7. War is for stupid people. If you're in a war, you've fucked up. You have no excuse. Somehow, both sides have screwed up. Everybody involved is stupid, lazy and unable to think his or her way into the future realities. 

8. If your kid gets killed in a war, everybody who supports that war - for any reason, even if you support that war because you have some twisted idea you need to because it ate your kid - you are in collusion. 

9. Generals very often cannot retire at pension rank unless they've participated in a war, as part of their "career." War is their job, in their own heads. 

Happy Memorial Day - maybe next year, we'll have fewer new crosses, and fewer damaged or murdered women and children in the war zones.

Wednesday, November 06, 2013

Greens, Ghosts - and Fake Greens.

Goddesses just do what they want.
From about 1998-2002, I did a comic strip series, "Rental Goddess," for the magazine PanGaia. I forgot how many I'd done, because most of the pages went to San Diego State Special Collections. 

So out of the blue, the proofreader for the magazine sends me paper copies of all the strips, including the introduction of the Deity Kun-Rah, Goddess of Not putting Up With Crap. Damn, these are funny. And what timing! As soon as my lovely new friend scans 'em, I can post 'em at Webcomicsnation

So I guess I'd better get to the work of Not Putting Up With Crap, because Kun-Rah says so, and I don't want to meet her third ritual.

There are two futures for all of us - and I do mean all.

If you're a Green, if you really try to limit your footprint on the earth - regardless of how completely successful you may be - if you realize your position as a human on the earth, then you're going to survive, or at least the younger people around you have a better chance of survival. 

Admittedly, there will be a couple generations of misery, if any of us do make it, but we can remember who survived - and who didn't - and why. Greed will be of evil memory, and a terrible warning, the province of ghosts.

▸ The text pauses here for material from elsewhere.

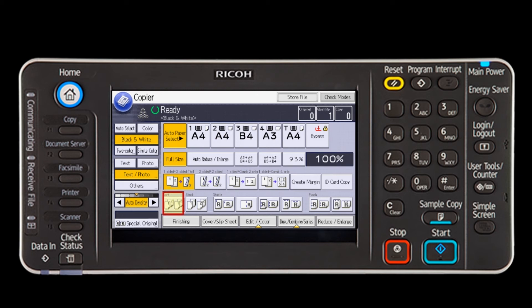The first button on this row is sort, which when selected will collate your output in a 1-2-3 page order. The second button is stack, which when selected will put your copied output in stacks of page 1, then a stack of page 2, then a stack of page 3, etc. If you do not choose sort or stack, the machine will automatically stack. If you always want your documents collated or sorted, the sort option can be set as a default setting on the display.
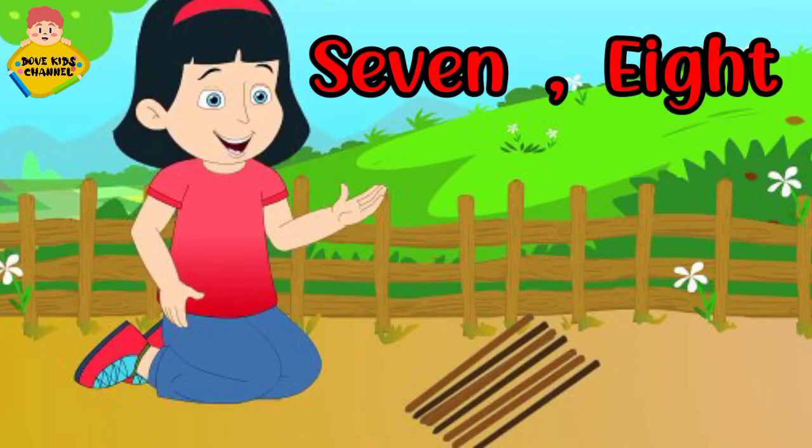Seven, eight. Seven, eight. Lay them straight. Lay them straight.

The Greeds will all be Ghosts. And your chances for making it into the future will depend on what you really do, not what you pretend to be. It doesn't matter if you're a Fake Green. A lot of Greeds are realizing it's good to come off as a Green. Why? Do they think we'll be more likely to feed them, in the coming bad days? Of course we shall - but their own shortcomings are taking out their DNA, even now.

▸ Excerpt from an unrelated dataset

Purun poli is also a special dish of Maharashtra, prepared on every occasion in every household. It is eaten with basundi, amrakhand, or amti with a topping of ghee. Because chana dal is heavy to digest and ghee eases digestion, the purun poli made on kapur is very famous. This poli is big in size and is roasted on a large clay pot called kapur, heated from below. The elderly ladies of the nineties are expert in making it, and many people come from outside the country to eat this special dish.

But you can spot Fake Greens, because they don't walk the walk.

1. You may be all artsy, hippie-dippie and spiritual, but if you puff yourself up over your brother who killed a cougar, bragging how long its tail is (and how Freudian is THAT?), you're a Fake Green.

2. If the first thing out of your mouth about the end of food stamps in the US is how people in Australia showed up in sports cars to scam the system - assuming that, if a few people are butt-heads, everybody should starve - you're a Fake Green.

3. If you tell people nobody has to worry about local conditions - endangering their future - because your god told you "there would be no tsunami," you're definitely a Fake Green. And a mean one, at that.

4. You're Green, and you start "intellectual discussions" on why the 2nd Amendment can't be updated or nothin'? I think I'll just stick to the reason gunbillies are going to end up Ghosts; practicalities. I have a scary feeling they think they can get sulfur and saltpeter by just running down to the local garden store. They're all into the Frontier, but seem to forget the Frontier was the creep of civilization - and even Mountain Men had to come back in every 6 months or so to get flour, sugar, salt, coffee - and gunpowder. If the environment REALLY collapses back down onto a handful of gasping humans, we're going to all find out how hard it is to get salt, let alone sulfur. If you really want to be Green, you might want to start figuring out how to build a really good bow and arrow - by hand, not bought at Wal-Mart - or, more simply, learn to make nooses and nets and fishing line. Start now; it's not as easy as it looks, and takes a lot more time than you think.

On the other hand, if you don't think of yourself as Green, but you feed the poor, save animals, clean beaches, take only what you need and try to give back and be grateful, and can make a Hoko River splinter knife out of what you found on the beach - you're a Green. 

Greens party better, and we're going to survive. Come to the verdant side.